§ Assigned task
Leave the pictures out and write out the rest of the listing word for word.

§ Exercise data
********************
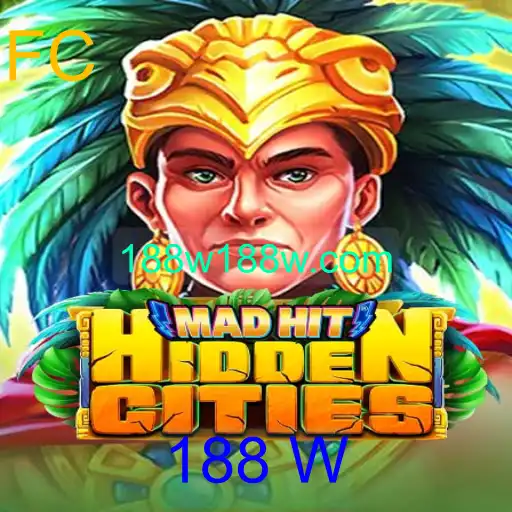 Explorando o Fascinante Jogo de Mistério MadHitHiddenCities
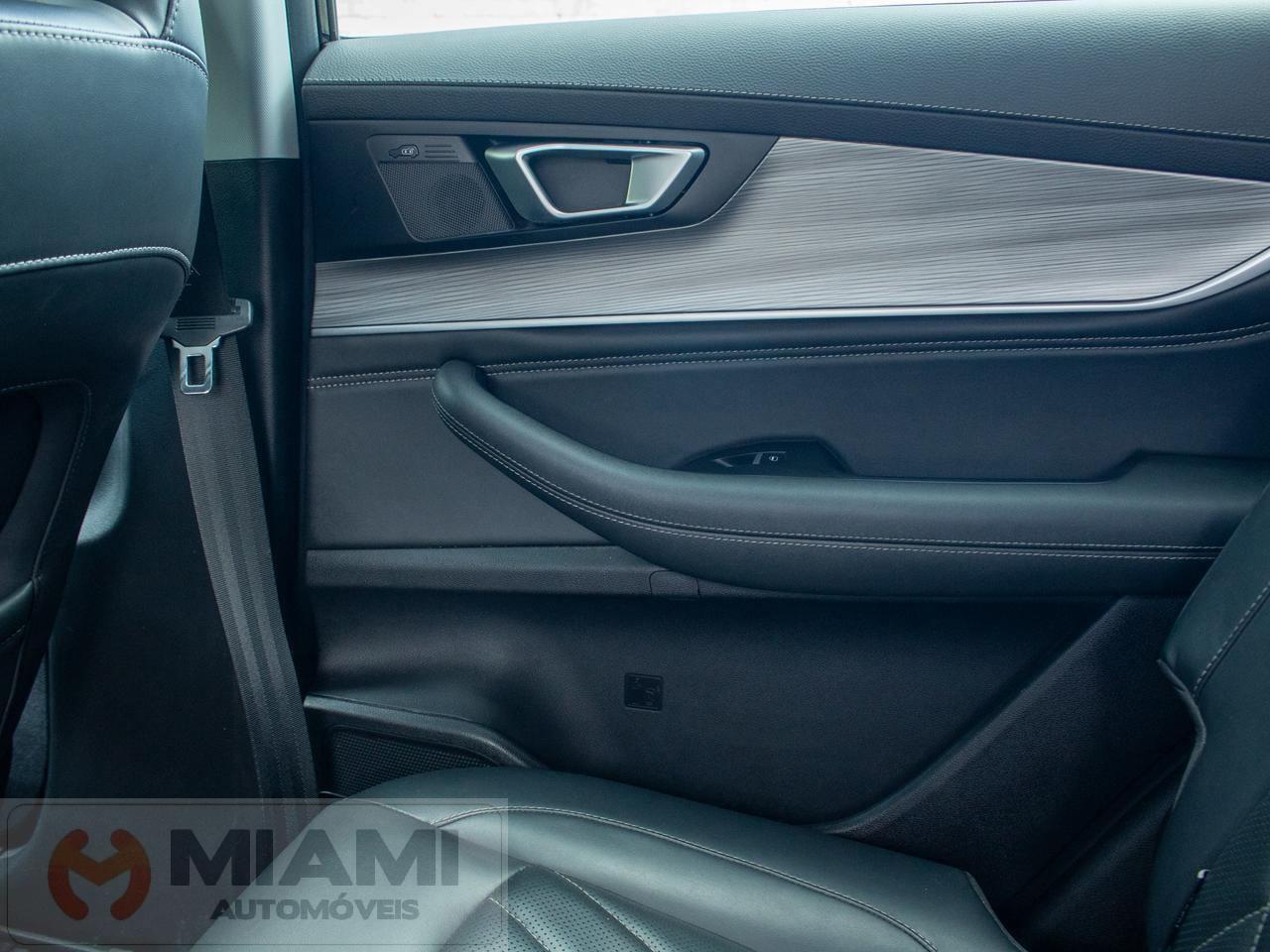 Foto número 532159 do veiculo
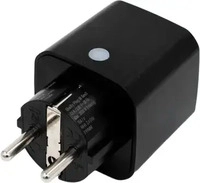 Shelly Shelly_Plug_M_Gen3_s, Shelly Plug M Gen3 WLAN Steckdose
********************
§ Expected output
 Explorando o Fascinante Jogo de Mistério MadHitHiddenCities
 Foto número 532159 do veiculo
 Shelly Shelly_Plug_M_Gen3_s, Shelly Plug M Gen3 WLAN Steckdose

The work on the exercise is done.